Abela also co-runs Dual Plover records, which he founded in 1995 and funds by cheaply mass-producing CDs for other labels. Dual Plover primarily features fellow Australian artists such as Naked on the Vague, Toxic Lipstick and the mysterious Volvox, but also includes a few international submissions as well, most notably from Deerhoof, Merzbow and Kevin Blechdom.

Although Abela's breakthroughs can be revelatory for the less-than-enthused with noise, his translations can be a double-edged sword. He often has to combat a reputation as the avant-garde's freak show. "Early on at a show in Belgium someone described my set as being like GG Allin, an artist I personally feel no affinity with, he’s all shock tactics without any real content. Basically a really bad rock band with a lunatic as a singer. I'm not interested in such infamy. It would be all too easy to play the psychotic sadomasochist role with what I do, but that's not me."

Abela does often bleed heavily from cuts on his mouth, not to mention from smashing the pane against his forehead and biting off shards with his teeth. I sat next to an audience member who got cut pretty badly from flying glass as the rest of the spectators stared with wide eyes and slack jaws, cringing as Abela slid his lip against a sharp edge.

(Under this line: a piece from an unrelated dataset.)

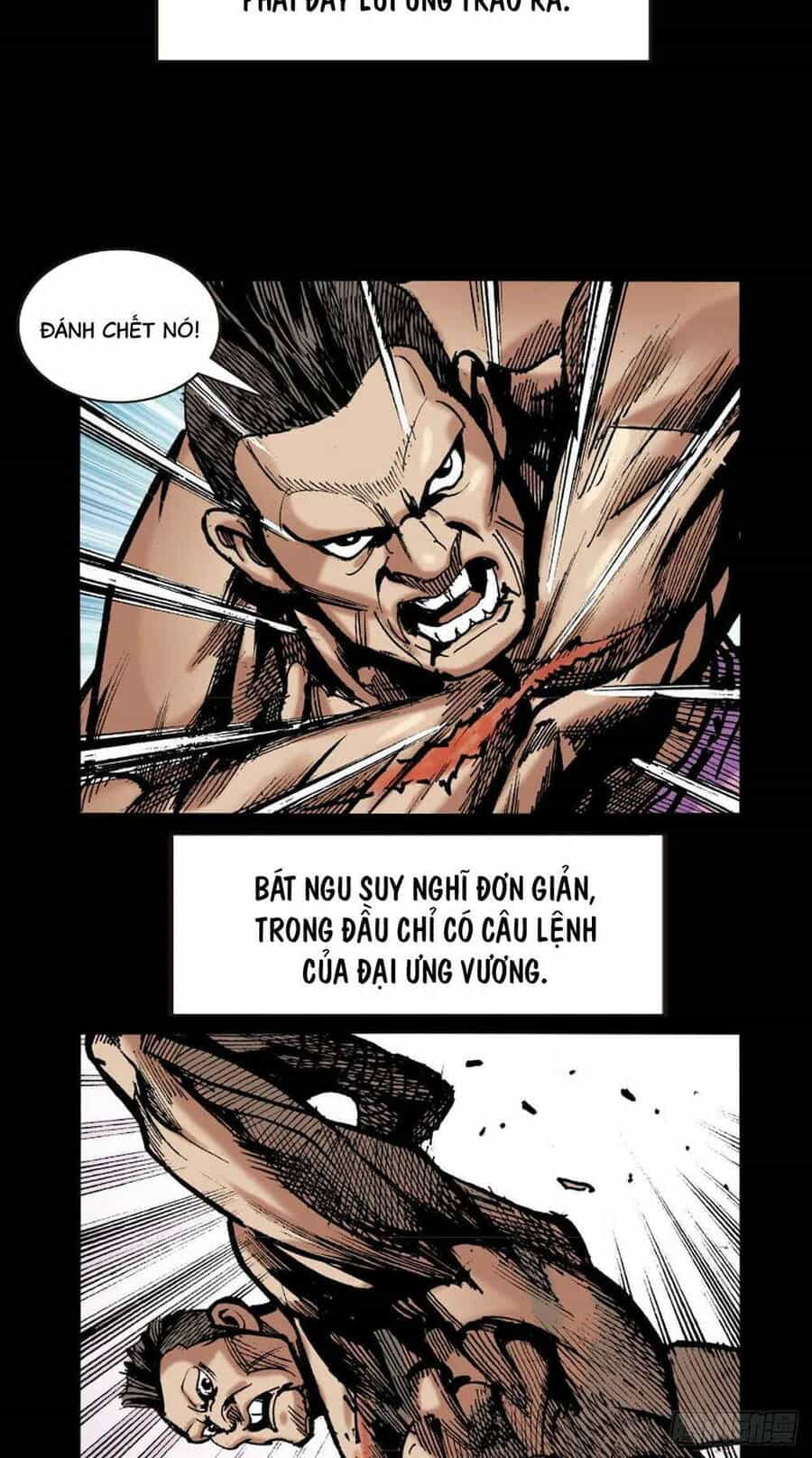 Anh Hùng Thập Bát - Chương 76 - ảnh 6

But anyone will admit they saw a lot more than gore. As violently intense as Yeldham's act can get, he isn't above the classic Kindergarten silly-face on glass with farting sounds to match. This is one of the stranger audience reactions - looks of horror followed immediately by laughter. Moreover, as improvised noise is often sloppy and uncontrolled, it was surprising to see what precise and varied sounds Yeldham produces by pressuring different areas of the glass and manipulating his pedals. It's in these varying textures, Abela insists, that his primary interests lie.

"If you listen, you should be able to hear a vast range of sounds which I'm able to conjure from just a random piece of broken glass. That should create enough wonder in people without the blood and saliva, but people always tend to focus on that. Glass is the most perfect material I had ever come across on various levels, most especially aurally. Not only does it sound unique, it's also very warm and responsive to my nuanced vocal techniques. Visually, it's humorous and powerful all at once and psychologically it strikes nerves within people, making it a wonderful three-pronged attack on the audience's senses."

Abela also insists that his music is not violent and that contrary to popular belief never screams into the glass or purposefully cuts himself. The energy is the same kind you would expect from a high-flying guitar or saxophone solo. "I prefer a live delivery every time. I may not have the range of sounds a lap-topper can achieve but I enjoy my limitations and personally think it's more liberating to create music organically with such limitations and a finite amount of possibilities than to have to choose between infinite musical decisions on a sterile platform."

The nonchalant origins of the act proved typical of Abela as I got to know him a little better. It's difficult to speak at length about Abela's music because he tends to avoid waxing philosophical. It's as if any high-reaching claim about his music would evoke an "uhhhh...well, it's not really that complicated. I just get up there and play." Abela's nonchalance sometimes comes out in hilarious ways. I've never seen anyone jump up as quickly as Abela to dance to Dee Lite at a party. Even better is that he knows all the words to Britney Spears' Toxic.

As intense as Abela's performances can get, he maintains an unpretentious stage presence, determined to prove his normalcy. If the audience were expecting a psychopath to back up the legends, it found something unexpectedly normal. Abela combats the gore and horror of his act with an attitude saying, "don't get too worked up, it's really not that strange.”